I found old journals. So my Christmas present to you is that I will post some of the more interesting entries between now and Christmas. Because nothing says "Christ is born" like my own personal humiliation via the internet.
Let me tell you about Ben. He makes me believe in love at first sight. (Oh. Great. I'm already ready to die because now I know how this love story would have ended, and let me just say it would have involved a trailer park and starring on an episode of Cops. 17 year old me didn't date a lot.) He's adorable, but not gorgeous or anywhere close to perfect. I don't know him very well, but we have really good chemistry. (At least I didn't call it "a connection".) I know he has a really playful, goodnatured personality. (He was a pothead.) I know he just broke up with his long time girlfriend because she cheated on him several times. But they were not together last August, because he was talking to me and stopped because she lived in Dover. Where he lives. (Long time is relative at 17, I guess.) That's our main problem - 100 miles and a mountain. (He was a pothead. A meth dealing pothead.
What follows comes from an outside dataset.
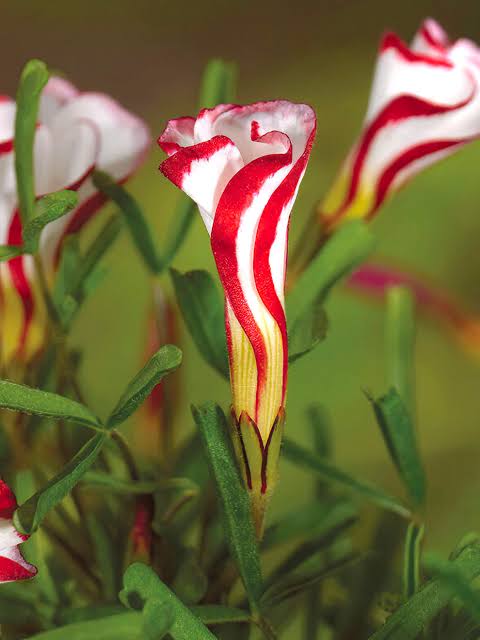 Oxalis Versicolor  Candy Cane Flower Bulbs
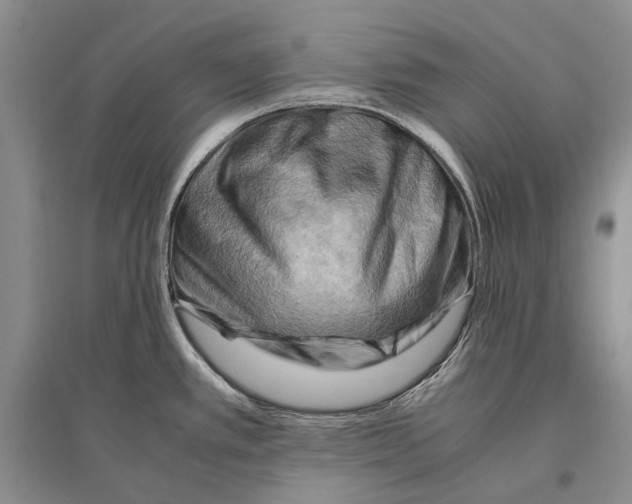 X0000096441389200802211200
But you know, the distance and the mountain, that's the important stuff.)I really really like him so much. (Not the first pothead I really really liked so much) I know that he likes me too, but I'm afraid that Ben will let the distance stop us from having a relationship that could be very mutually satisfying.
There are so many things I could say about that last line, but I think it will be more mutually satisfying to let it speak for itself.